Fri, 08/04/2023 - 5:30pm

    Kim Andersson’s December 2021 prediction may be borne out this month when Wiscasset’s future of the schools committee reports back to selectmen. It will be the first of two reports and, as of Aug. 3, was still being drafted, said Selectmen’s Chair Sarah Whitfield, board liaison to the committee.

    Andersson, who started as Wiscasset’s superintendent of schools last month, helped the committee Aug. 2 understand special education numbers and other information as the panel worked to make sure the report presented Aug. 15 is accurate. The report will be released in advance as part of the selectmen’s meeting’s supporting documents, Whitfield said.
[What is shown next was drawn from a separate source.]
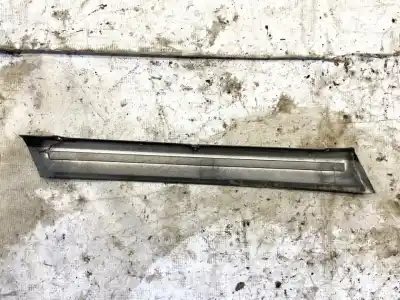 Pezzo di ricambio per auto di seconda mano plastica per audi 80 avant 2.0 riferimenti oem iam   
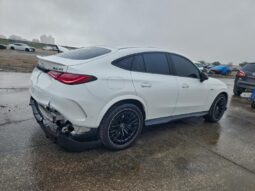 
										2025 Mercedes-benz Glc coupe full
The town typically releases those along with the agenda the Thursday afternoon before the meeting, which would put the document’s release around Aug. 10.

    The draft the committee reviewed Aug. 2, and which was still being updated when Whitfield provided it on request, stated: “The committee looks forward to presenting a second report that addresses additional options covered in our charge to consider expansion, consolidation, or the status quo.”

    The draft also stated “discontinuing grades 9-12 does not decrease transportation costs as all students ride together currently. Given that the discontinuing (of) grades 9-12 does not relieve the district of financial responsibility of those students, there would be no savings realized in this scenario and instead introduce the potential of several hundred thousand dollars in cost to taxpayers.”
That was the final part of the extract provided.